ジェレミー・リンは昨年のプレイオフでトロント・ラプターズの一員として優勝を経験した後、CBA(中国のプロバスケットボールリーグ)の北京ダックスと契約を結び、NBAを去る決断を下しました。
それから約1年――ダックスのプレイオフ準決勝進出に貢献したリンは、再びNBAの夢を追求するために米国へ戻っています。
リンは中国版ツイッター(ウェイボー)の中で、ダックスを離れる決断について「自分の人生の中で最も大変なものだった」と語りました。
「毎朝4時か5時に目を覚ましては考え抜いていた。首鋼(ダックス)は信じられないほど良い扱いをしてくれたし、あらゆるものを与えてくれた。
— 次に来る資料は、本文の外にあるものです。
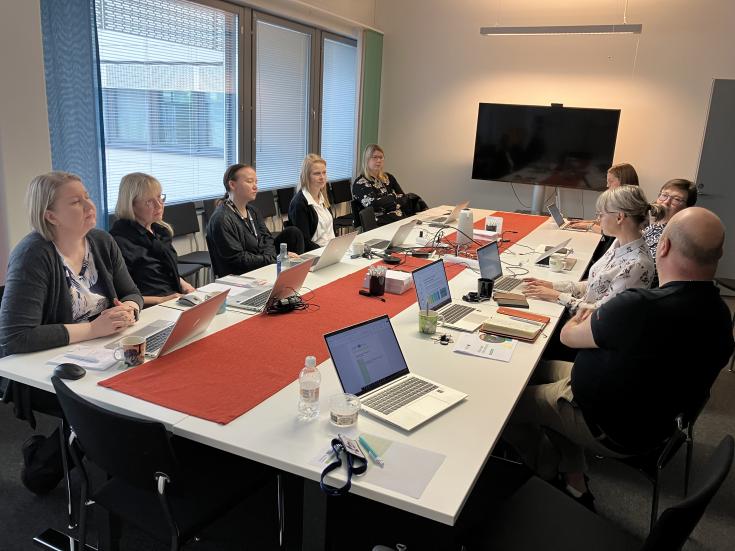 A group of people is sitting around a meeting table in a meeting room.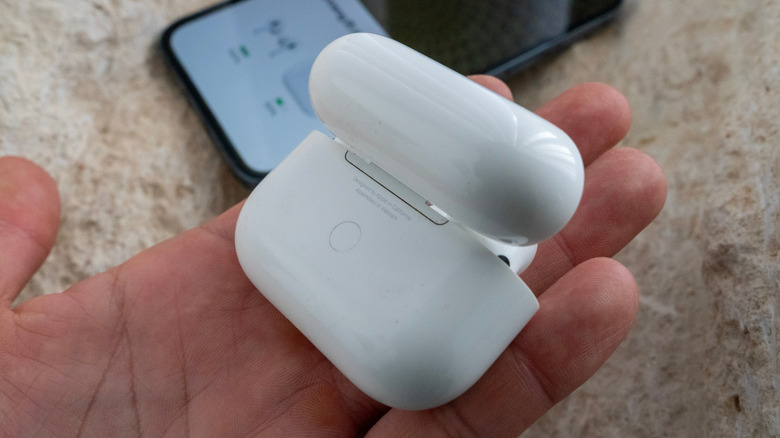 What is the button on the back of your AirPods case for?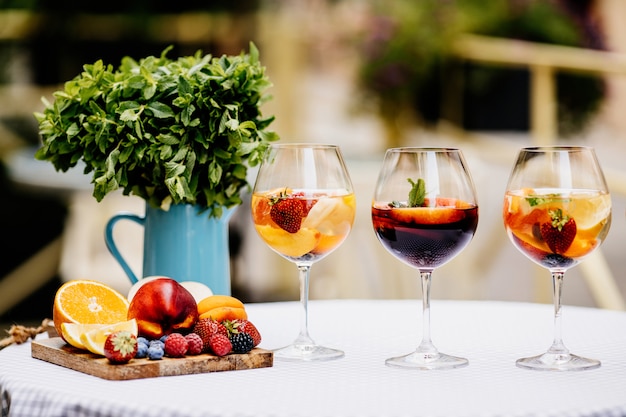 Summer drink from different citrus with fruits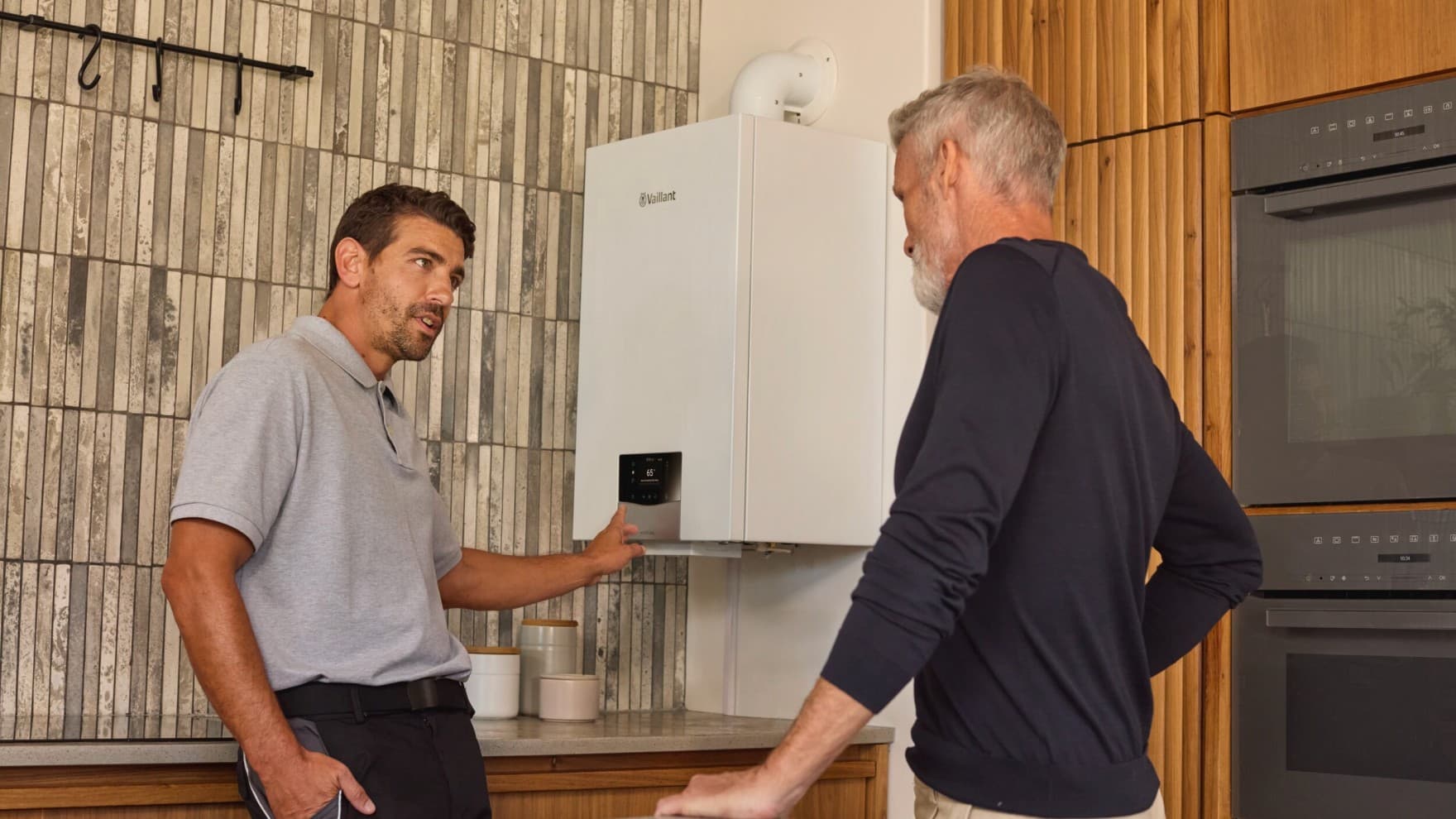 Vaillant Installateur im Dialog mit einem Kunden vor einem wandhängenden Gasgerät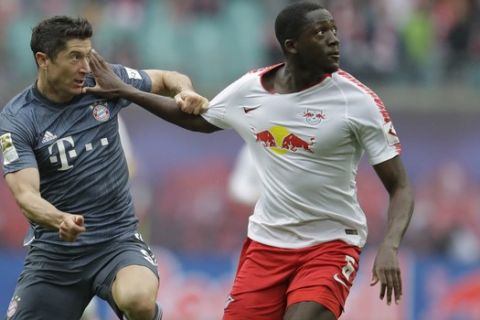 Bayern forward Robert Lewandowski, left, fights for the ball with Leipzig's Ibrahima Konate during the German Bundesliga soccer match between Leipzig and Bayern Munich at the Red Bull Arena stadium in Leipzig, Germany, Saturday, May 11, 2019. (AP Photo/Michael Probst)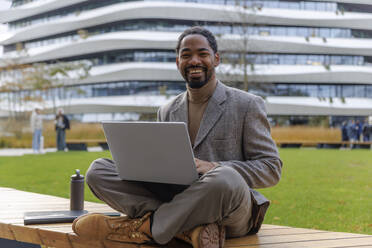Happy businessman sitting with laptop in front of office building - IKF01498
だけど、僕は今でもNBAの夢を持っているように感じるんだ。
僕にはまだ(NBAで)プレイする時間が残っているし、この夢を追いかける必要があると思う」
Channel News Asia
リンは2018-19シーズンの開幕時点ではアトランタ・ホークスに所属しており、51試合の出場で平均10.7得点、2.3リバウンド、3.5アシストを記録しました。
その前の2年間を怪我に悩まされていたリンにとっては、少しばかりとはいえ復活するには良い時間だったでしょう。
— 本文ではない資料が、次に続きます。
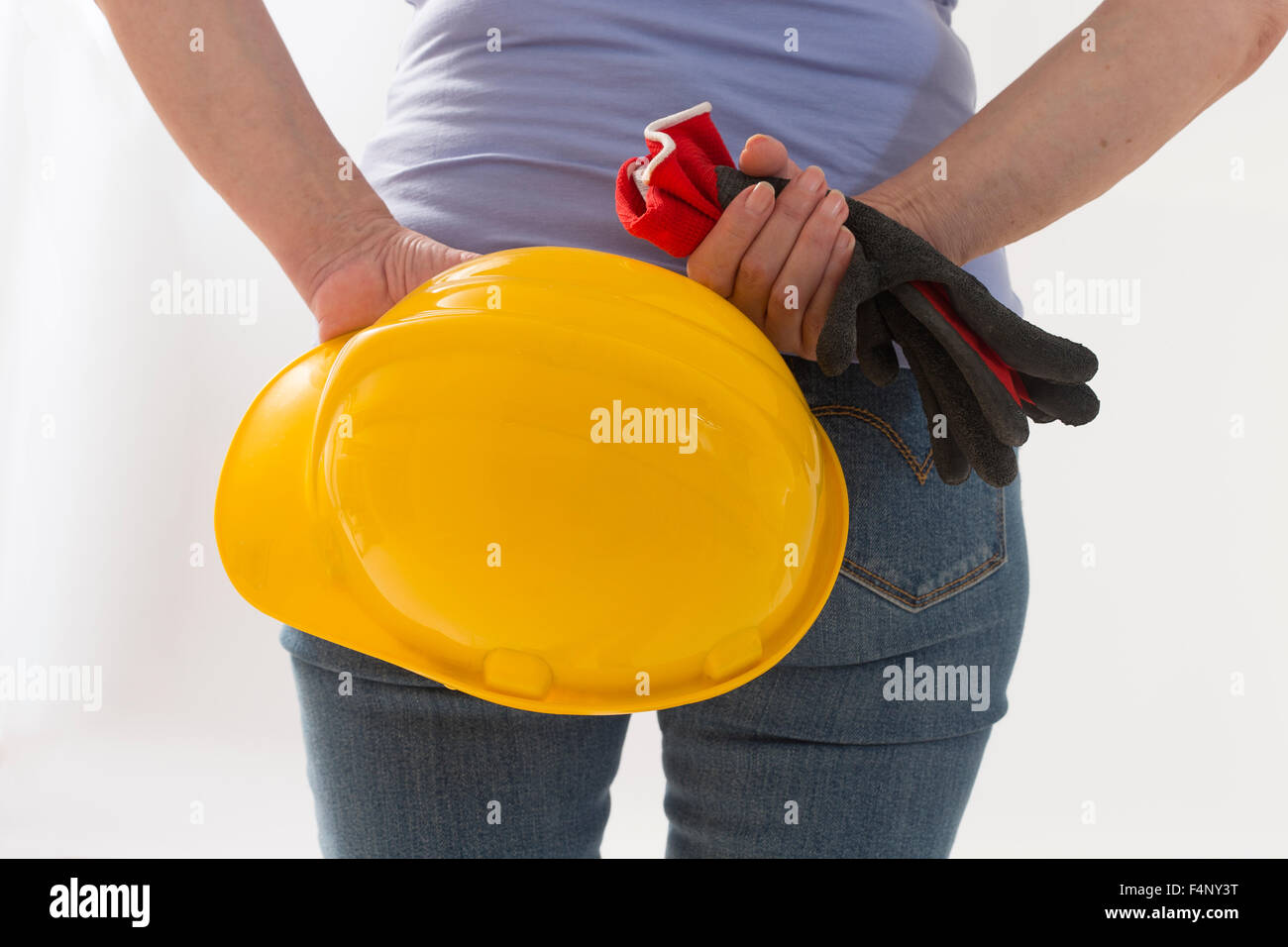 Close up back-view of woman builder with hardhat in hands Stock Photo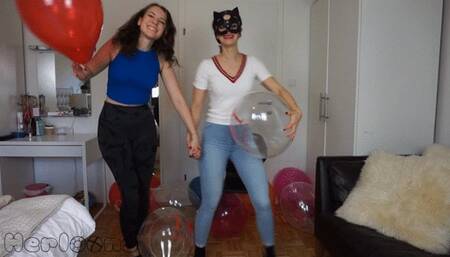 Saskia and Foxy team sit popping Ballon Ace
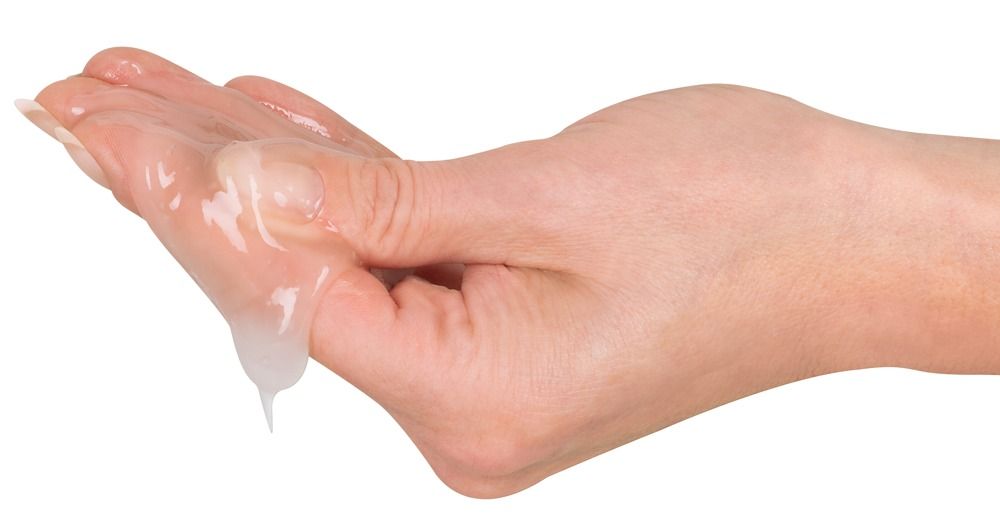 Paume avec du gel transparent tombant des doigts. Gel hybride à base d'eau et de silicone.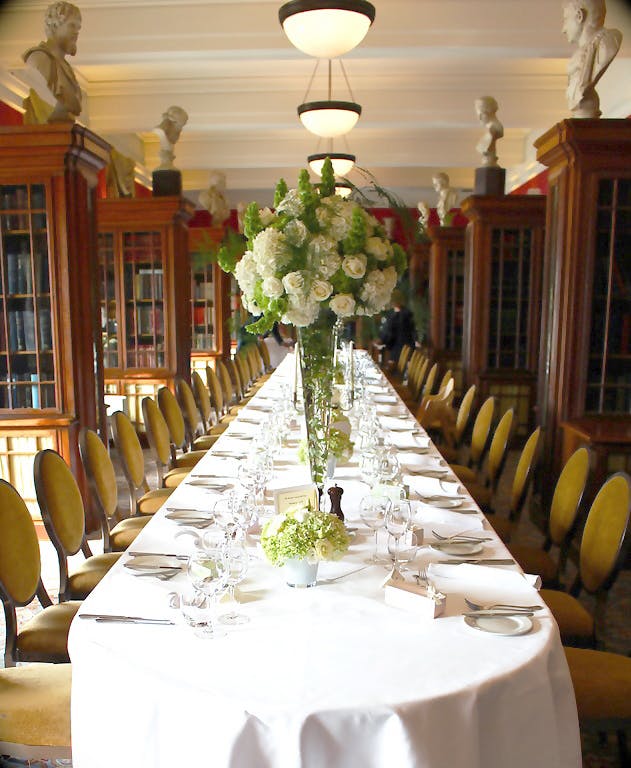 Elegant dining table with floral centerpiece at London Marriott Hotel for formal events.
しかし、彼はトレード期限直前にホークスからラプターズへ放出されました。
そこでリンは優勝を経験した史上初のアジア系アメリカ人となりましたが、彼はプレイオフの時点でチームのローテーションから外れており、プレイオフ全体でわずか27分しか出場時間を得られなかったため、自身の貢献度の低さにフラストレーションを溜めていました。
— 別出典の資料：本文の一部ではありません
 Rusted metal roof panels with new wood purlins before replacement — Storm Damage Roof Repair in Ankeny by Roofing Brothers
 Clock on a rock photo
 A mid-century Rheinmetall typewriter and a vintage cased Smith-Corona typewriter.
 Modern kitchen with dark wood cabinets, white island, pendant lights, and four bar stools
そして、優勝後のオフシーズンにリンを待ち受けていたのは、NBAの厳しい”ビジネス”の側面でした。
リンはベンチ起用される分には堅実なポイントガードのスキルを備えていましたが、そもそも優れたポイントガードが多い現代のNBAにおいて、既に30歳を超えていた彼を必要とするチームは無かったのです。
こうした経緯からNBAを去ることになったリンですが、CBAでの1年間の経験を経て、彼は再びNBAの”ビジネス”に立ち向かおうとしています。
もちろん、32歳の彼を必要とするチームが今度こそ現れるという保証も無ければ、かつてNBAを席巻した”リンサニティ”が起きる可能性も、奇跡に等しいかもしれません。
それでも、NBAでプレイする夢をもう一度叶えたいのであれば、彼の決断を支持するのみです。